- [Assignment] Exactly the lines from the one holding "Brothulu Cthulhu Sunglasses Posters and Art" through the last line of the listing below must appear in the answer, and no pictures.
= = =
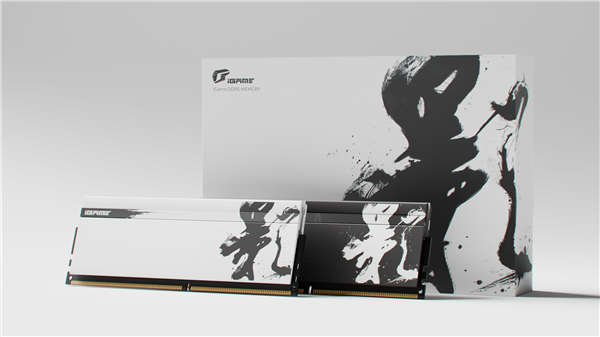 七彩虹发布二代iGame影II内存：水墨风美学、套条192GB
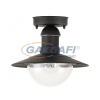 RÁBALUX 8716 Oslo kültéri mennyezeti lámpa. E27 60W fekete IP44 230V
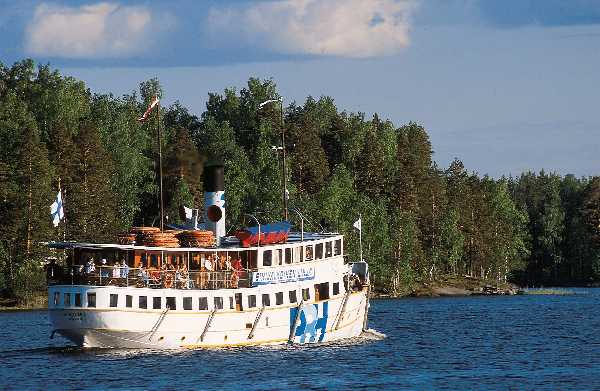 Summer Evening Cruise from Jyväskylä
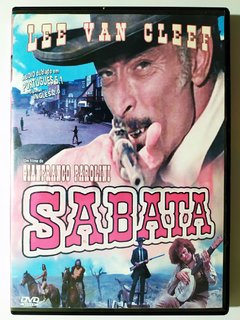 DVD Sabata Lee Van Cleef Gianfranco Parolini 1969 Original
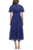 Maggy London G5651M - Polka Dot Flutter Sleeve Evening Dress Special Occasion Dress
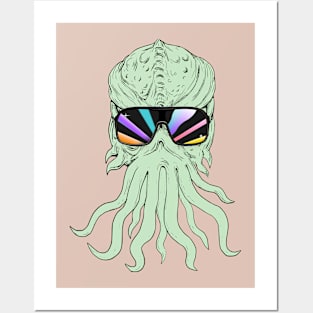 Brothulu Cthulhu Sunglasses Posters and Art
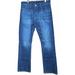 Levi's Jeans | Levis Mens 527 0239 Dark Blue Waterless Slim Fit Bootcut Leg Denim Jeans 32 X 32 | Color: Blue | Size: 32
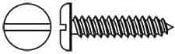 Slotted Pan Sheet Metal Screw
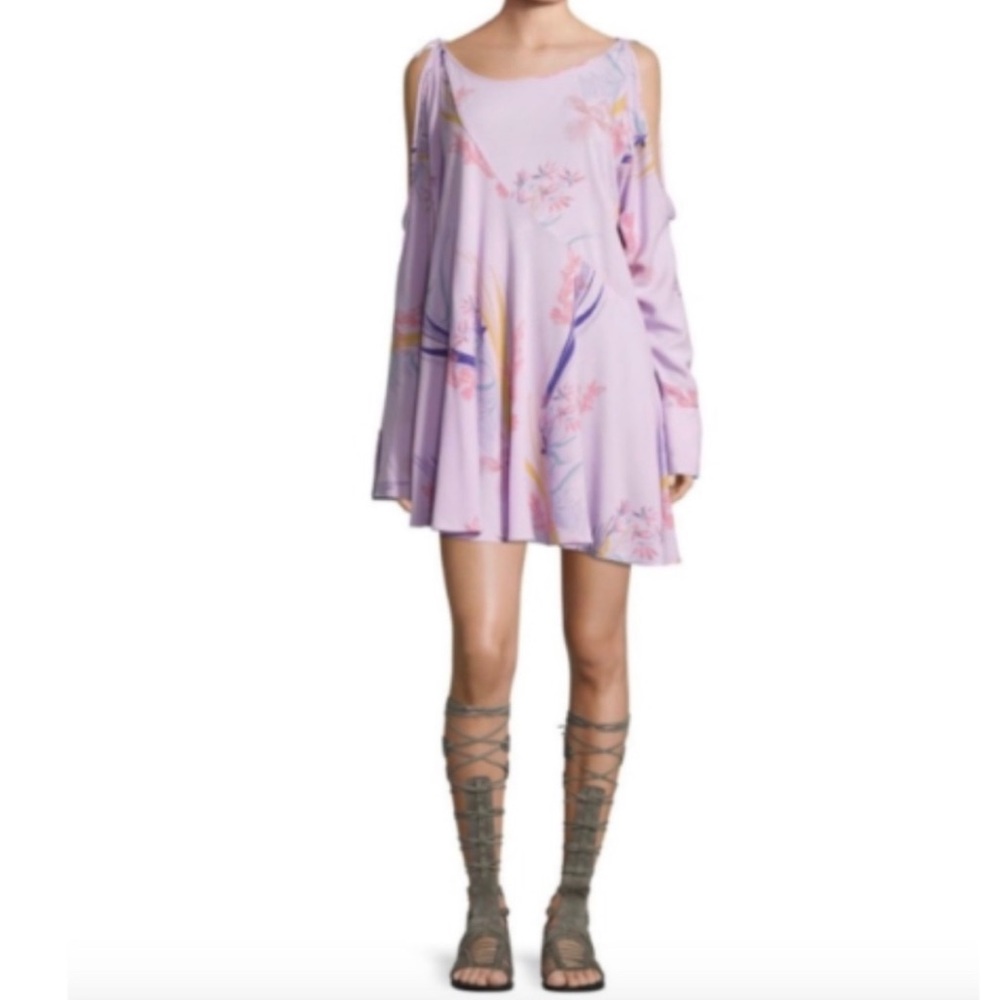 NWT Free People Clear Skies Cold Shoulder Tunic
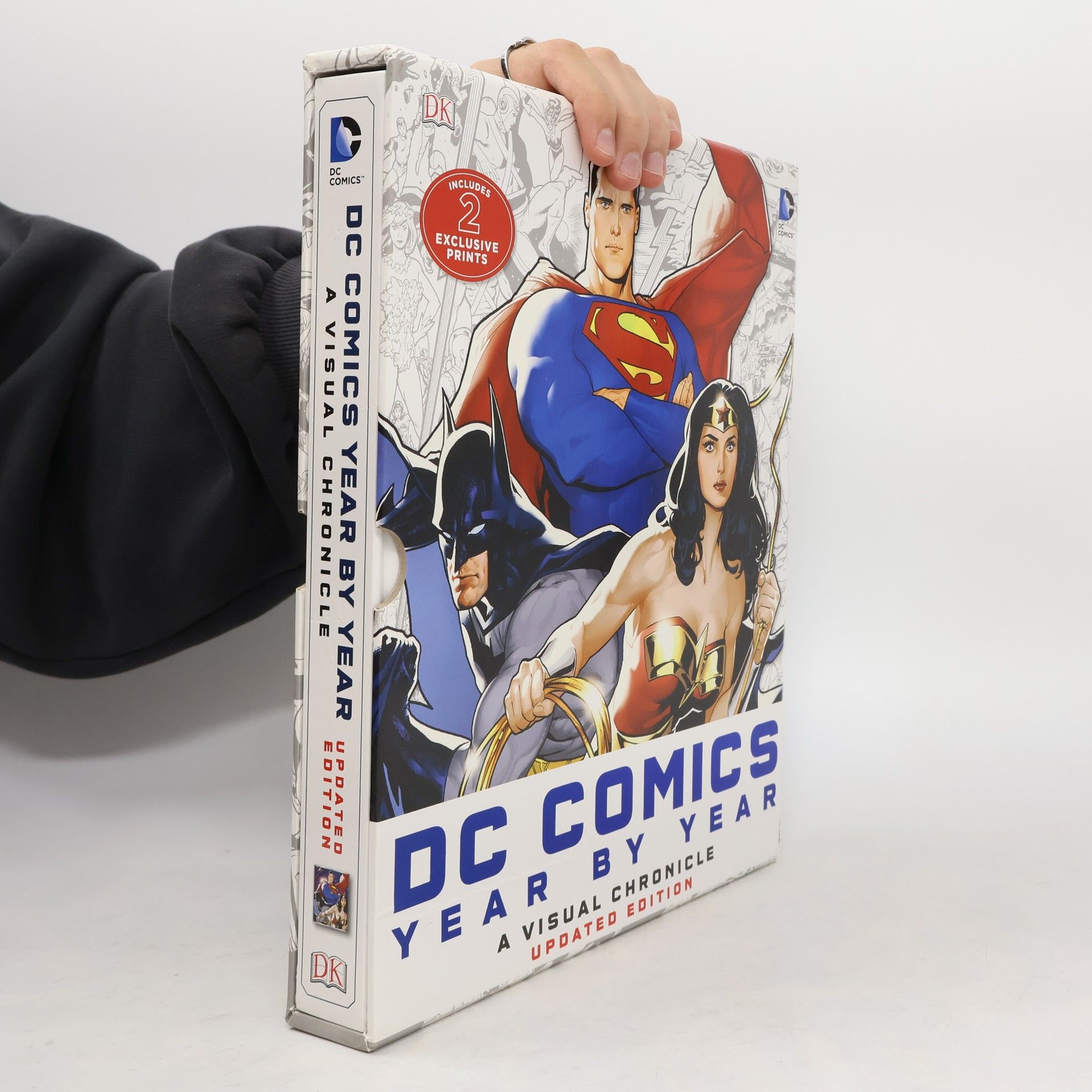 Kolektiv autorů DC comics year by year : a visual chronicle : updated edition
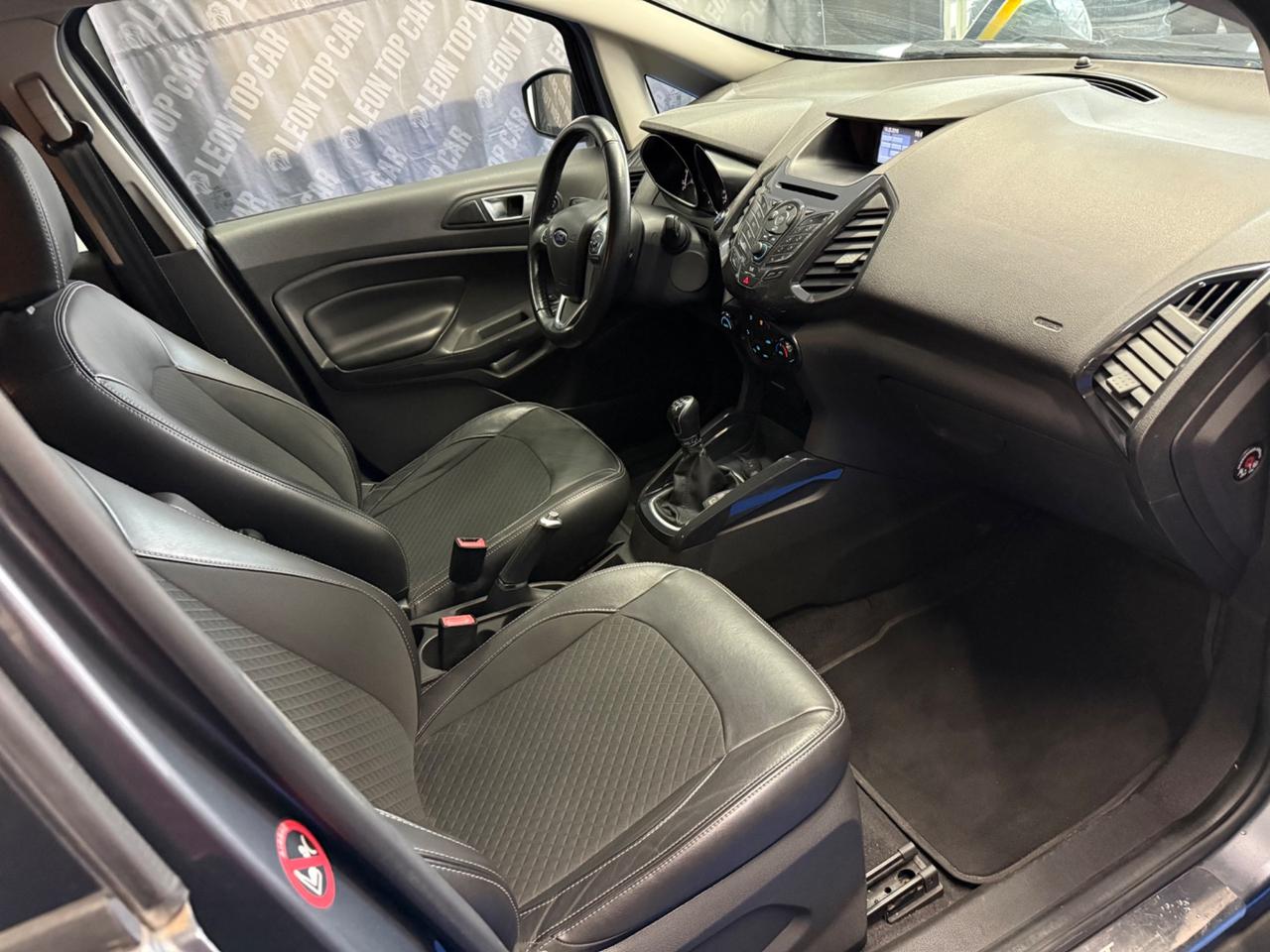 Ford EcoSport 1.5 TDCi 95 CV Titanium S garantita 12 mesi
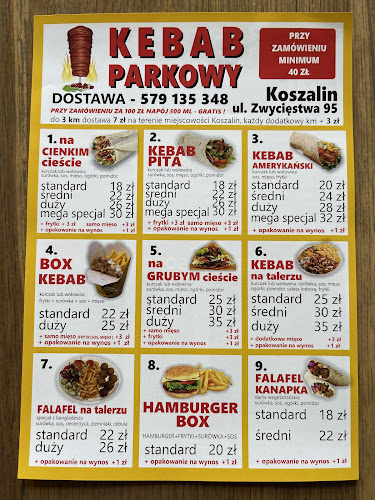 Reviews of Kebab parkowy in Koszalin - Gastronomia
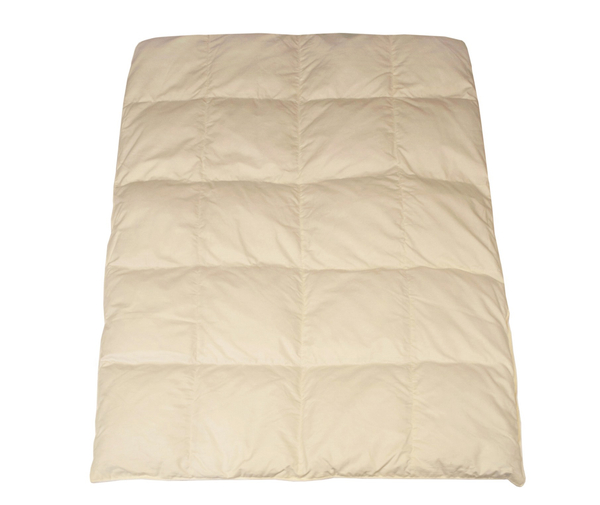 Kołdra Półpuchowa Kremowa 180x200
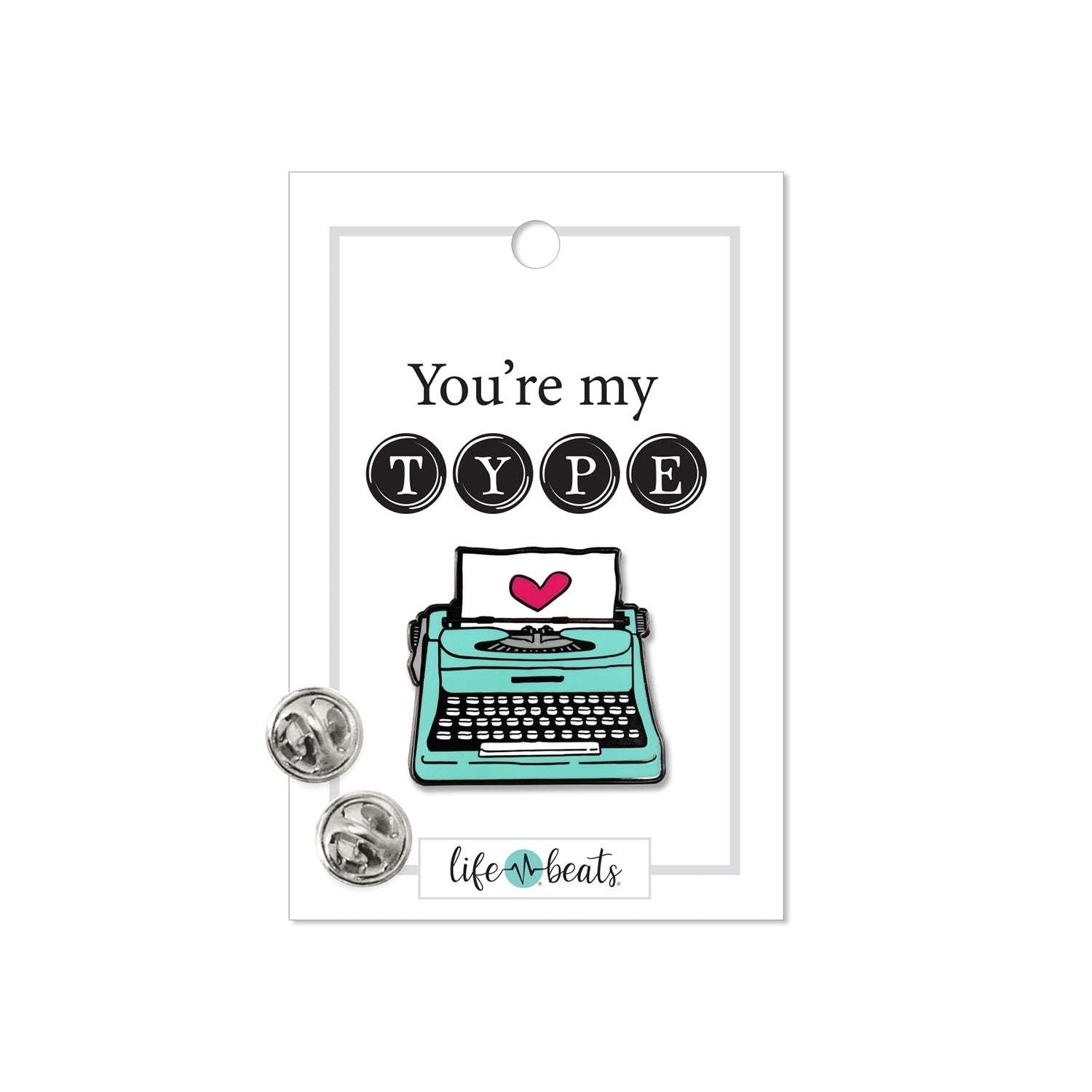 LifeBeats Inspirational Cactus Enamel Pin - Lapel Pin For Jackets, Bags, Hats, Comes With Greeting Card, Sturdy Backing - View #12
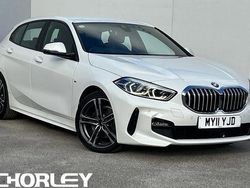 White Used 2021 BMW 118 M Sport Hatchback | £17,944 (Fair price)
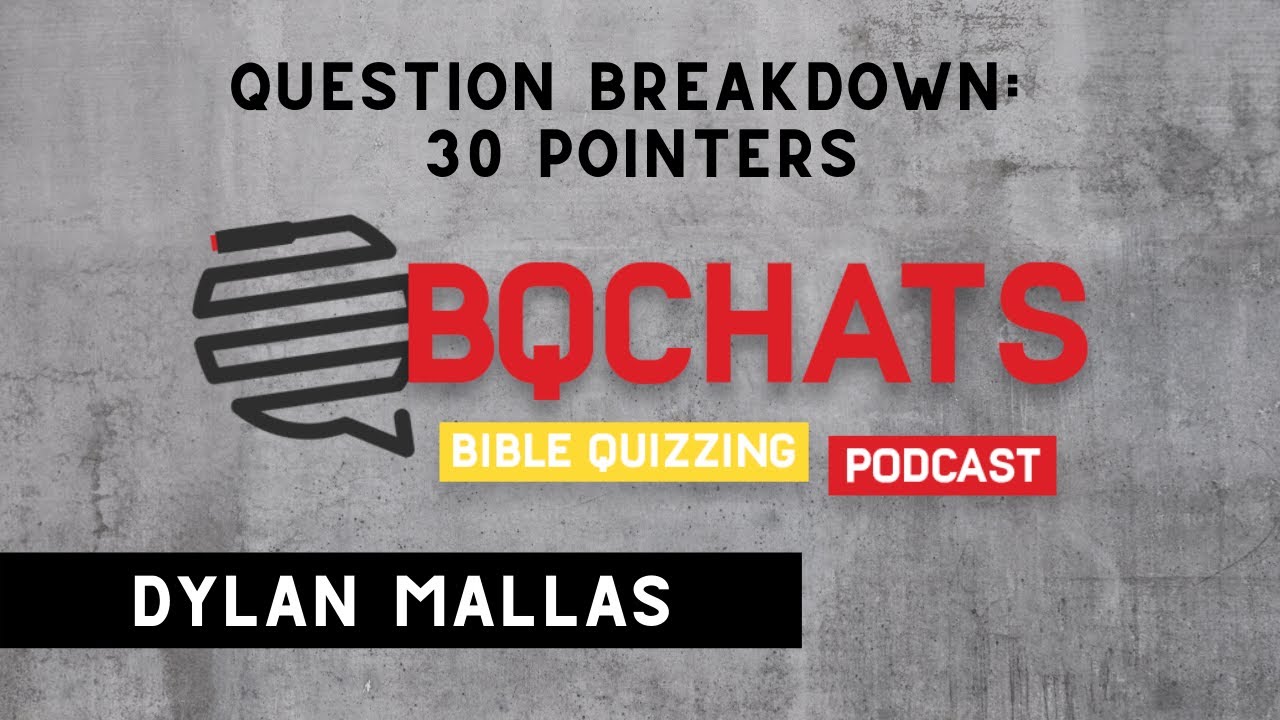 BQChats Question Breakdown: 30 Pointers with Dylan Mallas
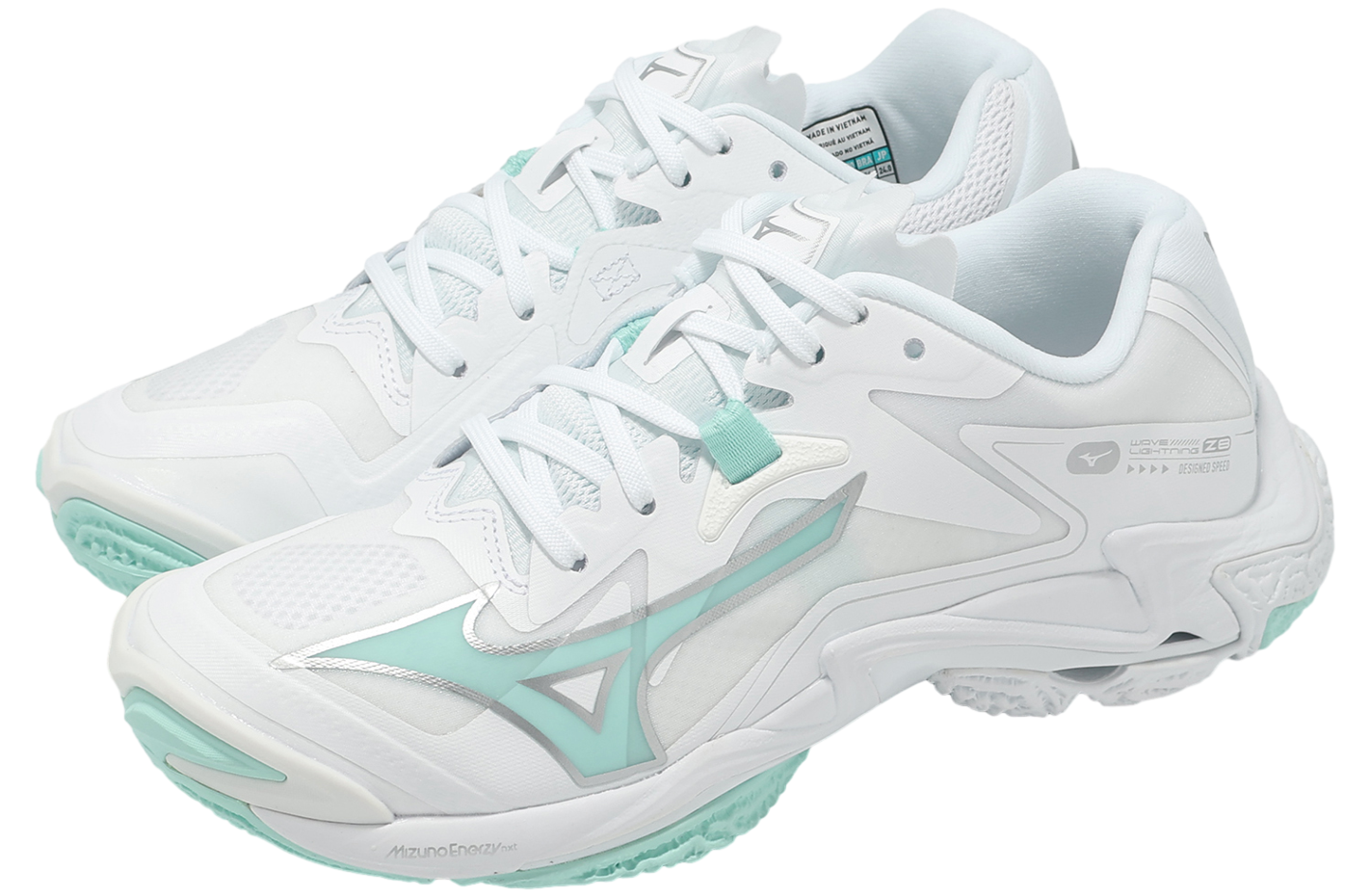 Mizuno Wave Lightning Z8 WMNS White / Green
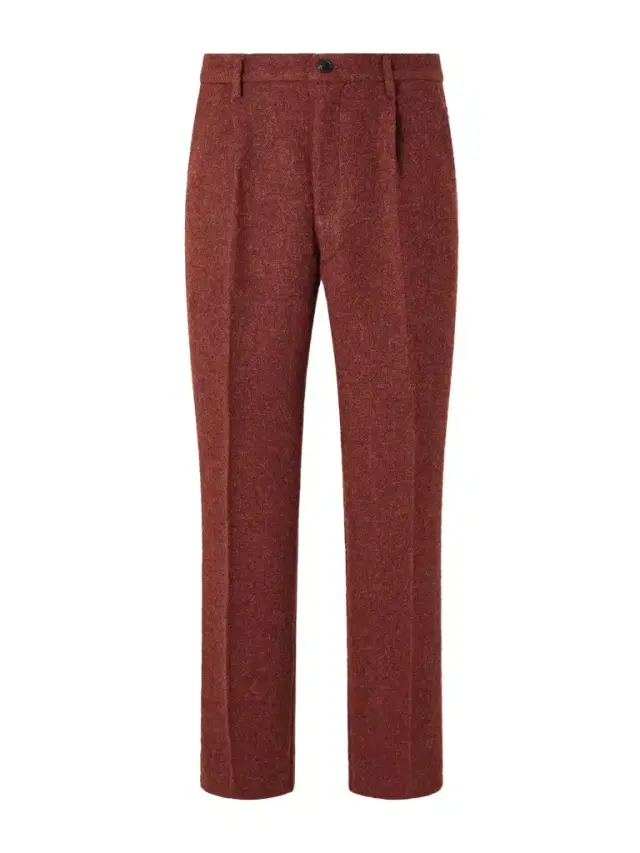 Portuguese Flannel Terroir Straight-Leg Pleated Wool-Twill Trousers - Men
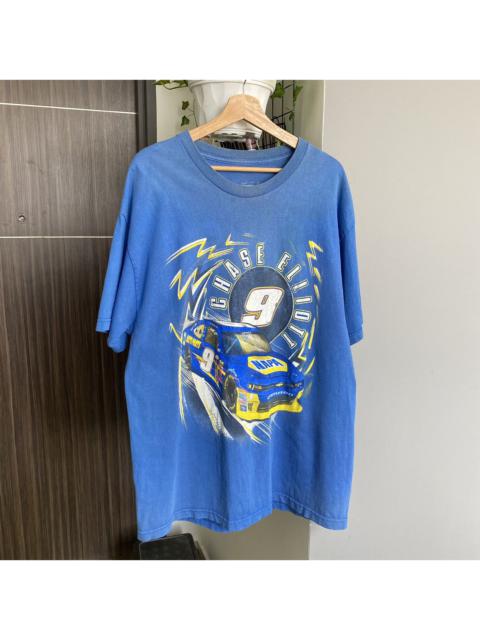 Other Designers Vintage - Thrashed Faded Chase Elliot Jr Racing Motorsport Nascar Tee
= = =
- [Solution to the exercise]
 Brothulu Cthulhu Sunglasses Posters and Art
 Levi's Jeans | Levis Mens 527 0239 Dark Blue Waterless Slim Fit Bootcut Leg Denim Jeans 32 X 32 | Color: Blue | Size: 32
 Slotted Pan Sheet Metal Screw
 NWT Free People Clear Skies Cold Shoulder Tunic
 Kolektiv autorů DC comics year by year : a visual chronicle : updated edition
 Ford EcoSport 1.5 TDCi 95 CV Titanium S garantita 12 mesi
 Reviews of Kebab parkowy in Koszalin - Gastronomia
 Kołdra Półpuchowa Kremowa 180x200
 LifeBeats Inspirational Cactus Enamel Pin - Lapel Pin For Jackets, Bags, Hats, Comes With Greeting Card, Sturdy Backing - View #12
 White Used 2021 BMW 118 M Sport Hatchback | £17,944 (Fair price)
 BQChats Question Breakdown: 30 Pointers with Dylan Mallas
 Mizuno Wave Lightning Z8 WMNS White / Green
 Portuguese Flannel Terroir Straight-Leg Pleated Wool-Twill Trousers - Men
 Other Designers Vintage - Thrashed Faded Chase Elliot Jr Racing Motorsport Nascar Tee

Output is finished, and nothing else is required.